Conocía aquella planta; la conocía bien. El tallo duro y fibroso y las nudosas raíces despertaron en ella dolorosos recuerdos. Se vio a sí misma sentada en el Laboratorio de Genética del museo, la vista fija en el visor de un microscopio, horas antes de la desastrosa inauguración de la exposición «Supersticiones». Era la rara planta amazónica que Mbwun ansiaba con desesperación; la planta cuyas hojas, hacía casi una década, Whittlesey había utilizado inadvertidamente como material de embalaje en la fatídica caja de reliquias que había enviado al museo desde el Alto Xingú. Se suponía que la planta se había extinguido; su hábitat natural había sido arrasado y los vestigios existentes en el museo habían sido destruidos por las autoridades cuando por fin se consiguió matar a Mbwun, la Bestia del Museo.
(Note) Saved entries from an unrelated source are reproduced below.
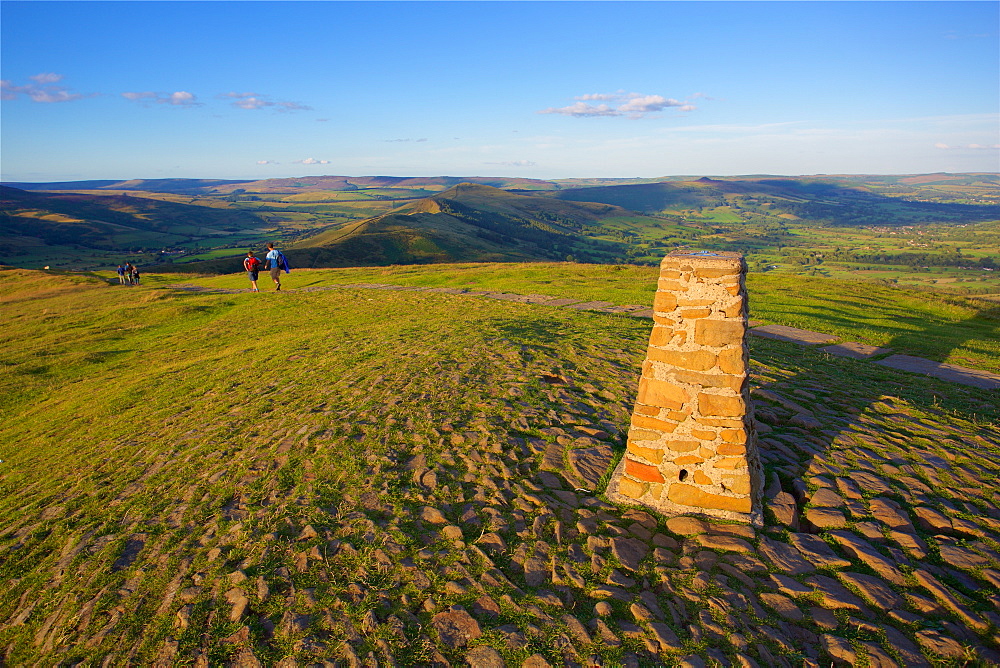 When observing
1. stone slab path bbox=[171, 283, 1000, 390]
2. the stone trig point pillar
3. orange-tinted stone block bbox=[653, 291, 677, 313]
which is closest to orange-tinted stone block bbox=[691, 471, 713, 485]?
the stone trig point pillar

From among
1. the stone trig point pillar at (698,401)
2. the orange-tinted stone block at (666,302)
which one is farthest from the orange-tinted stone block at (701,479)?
the orange-tinted stone block at (666,302)

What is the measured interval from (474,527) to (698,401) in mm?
3236

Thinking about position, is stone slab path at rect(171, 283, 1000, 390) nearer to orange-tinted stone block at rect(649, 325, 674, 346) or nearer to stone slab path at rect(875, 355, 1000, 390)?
stone slab path at rect(875, 355, 1000, 390)

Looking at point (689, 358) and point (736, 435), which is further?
point (689, 358)

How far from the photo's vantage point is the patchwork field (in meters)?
4.55

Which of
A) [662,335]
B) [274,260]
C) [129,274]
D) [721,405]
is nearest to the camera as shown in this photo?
[721,405]

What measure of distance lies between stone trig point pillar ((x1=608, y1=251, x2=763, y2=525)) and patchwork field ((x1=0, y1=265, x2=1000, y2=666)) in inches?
17.3

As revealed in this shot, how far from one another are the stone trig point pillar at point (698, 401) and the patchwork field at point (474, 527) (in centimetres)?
44

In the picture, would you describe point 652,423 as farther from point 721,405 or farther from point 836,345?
point 836,345

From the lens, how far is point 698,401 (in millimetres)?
6105

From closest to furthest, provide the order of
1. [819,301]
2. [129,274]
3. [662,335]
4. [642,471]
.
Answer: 1. [662,335]
2. [642,471]
3. [819,301]
4. [129,274]

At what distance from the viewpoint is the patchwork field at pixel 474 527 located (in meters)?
4.55

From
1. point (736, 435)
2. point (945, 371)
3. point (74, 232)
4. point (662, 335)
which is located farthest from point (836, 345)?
point (74, 232)

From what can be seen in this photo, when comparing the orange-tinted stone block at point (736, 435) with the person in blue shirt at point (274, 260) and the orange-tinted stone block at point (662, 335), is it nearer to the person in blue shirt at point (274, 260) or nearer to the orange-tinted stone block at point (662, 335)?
the orange-tinted stone block at point (662, 335)
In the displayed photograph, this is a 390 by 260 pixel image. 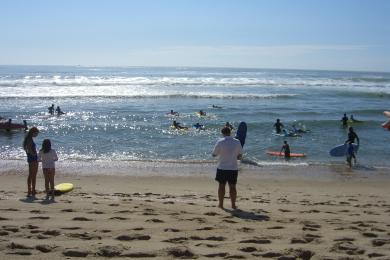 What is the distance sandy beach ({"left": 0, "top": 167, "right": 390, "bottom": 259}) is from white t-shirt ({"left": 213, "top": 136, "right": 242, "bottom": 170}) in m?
0.78

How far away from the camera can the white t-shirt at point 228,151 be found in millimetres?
7621

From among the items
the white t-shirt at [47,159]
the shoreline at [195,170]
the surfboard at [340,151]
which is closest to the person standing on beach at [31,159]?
the white t-shirt at [47,159]

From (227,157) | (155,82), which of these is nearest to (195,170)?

Margo se levantó y se limpió de hollín las rodillas. Greg Kawakita había logrado hacerse con la planta y la cultivaba en aquellos acuarios enormes.
«Pero ¿para qué?», se preguntó.
De repente la asaltó una horrible sospecha, pero la rechazó de inmediato. No era posible que Greg estuviese alimentando a un segundo Mbwun.
¿O si lo era?
—Teniente, ¿sabe qué es esto? —preguntó Margo.
D'Agosta se acercó.
—No tengo la más remota idea.
—Una Liliceae mbwunensis. La planta de Mbwun.
—¿Me toma el pelo? —dijo D'Agosta.
Margo negó lentamente con la cabeza.
—Ojalá fuese así.
Permanecieron inmóviles mientras el sol se ponía tras las Palisades, envolviendo los lejanos edificios en un nimbo de luz dorada. Observando de nuevo la planta mientras hacía hueco en su bolso para colocarla, Margo notó algo que antes le había pasado inadvertido.
En la base de la raíz, a lo largo de la xilema, había una pequeña hendidura en forma de doble uve, resultante de una operación de injertado. Una hendidura como aquélla, sabía Margo, sólo podía significar dos cosas. Un experimento corriente de hibridación.
O un complejo experimento de ingeniería genética.